On a recent afternoon, inspector Brad Shipley could be found at a Loma Portal gas station, moving his large white county truck from bay to bay, making sure the amount of gas pumped registered accurately on each pump's digital display. He did this by filling a series of shiny measuring devices that, for this station, found the displays to be adequately accurate. He then applied the department's serrated-edged seals of approval below each pump. In 2002, the department inspected more than 14,000 gas and diesel pumps at nearly 800 gas stations.
Shipley said he enjoys his job even if the public may be unaware of his role in consumer protection. "We're just not known," he said, "unless there's a problem." Still, he added, when gas prices rise, complaints take an upswing, suggesting that the public's awareness is growing.
Up north, inspector John Gionfriddo was busy hoisting 500-pound metal blocks by crane onto a weighing scale in the livestock area at the Del Mar Fairgrounds. The scale-used for hogs that will later be auctioned off by the pound-had failed an earlier inspection, and Gionfriddo was back to recheck it. This time it passed.
The 500-pound weights must be accurate to within a tenth of an ounce, he said, and he carries 3,500 pounds of certifying weight on the back of his county truck. "You definitely don't want to stop in a hurry," he said about driving around with that kind of payload.
He agreed that his job goes fairly unnoticed, but occasionally people will come up and ask what he's doing. "Then it's, "Oh, you're the guys! Glad you're out here,'" he said. "Mexicans say, "You should be doing this in Mexico. They're cheating us there.'"
After certifying the scale, Gionfriddo was off to an Escondido recycler to check on a complaint that the scale there was inaccurate.
For Thuner, there's obvious pride in her employees. "Even if they're assigned to inspecting [pest] traps every day, they're looking for things that will have real impact."
Floren, her deputy, agreed. "There's a good deal of immediate reward, whether we're testing devices or testing eggs or inspecting for pests on a shipment," he said. "So you're able to take away with every day a real accomplishment, either facilitating business or protecting the consumer immediately by taking immediate action."
But like any government agency, budgets are tight.
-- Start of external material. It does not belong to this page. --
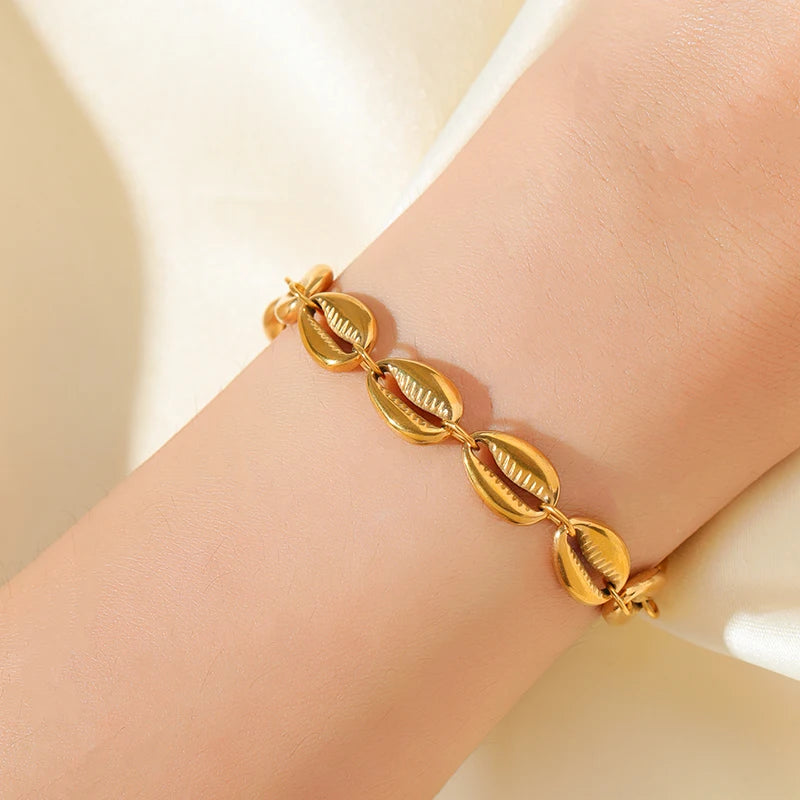 Bracelet jonc en acier inoxydable 316L couleur or pour femmes.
Thuner is particularly concerned about Gov. Arnold Schwarzenegger's proposed slashing of the state's high-risk pest-exclusion program from $5.5 million to $1 million. Thuner fears the cuts-five inspectors might have to be eliminated-would put the county at risk of another quarantine, which would be disastrous for county farmers.
Floren said it cost $22 million last year to eradicate an infestation of crop-destroying Mexican fruit flies in Valley Center and likely cost farmers another $30 million in lost crops, which can't be sold from a quarantined area.
The U.S. government's focus on homeland security has also had an impact on produce inspections at the Mexico border. While Thuner estimates that inspectors keep one exotic pest a week from taking hold in the county, cutbacks by the U.S. Department of Agriculture has resulted in a "huge diminishment of finds at the port since they transitioned to homeland security."
Last year, the two agencies conducted what she called a "30-day blitz" with a fully staffed phalanx of border inspectors and found that "17 percent of the vehicles that they pulled over had a prohibitive product, and that was just incredible to me."
Still, Thuner doesn't mind leaving her Fallbrook home at 5:15 a.m. every weekday to get to work by 6 to continue the county's fight against pests, negligent business owners and the like. She pulls out a clipping she recently found that gives her a momentary laugh.
"If the facts are against you, you pound on the law," she said. "If the law is against you, you pound on the facts. And if the law and the facts are against you, you pound on the table. I cut that out because I've met all those people!"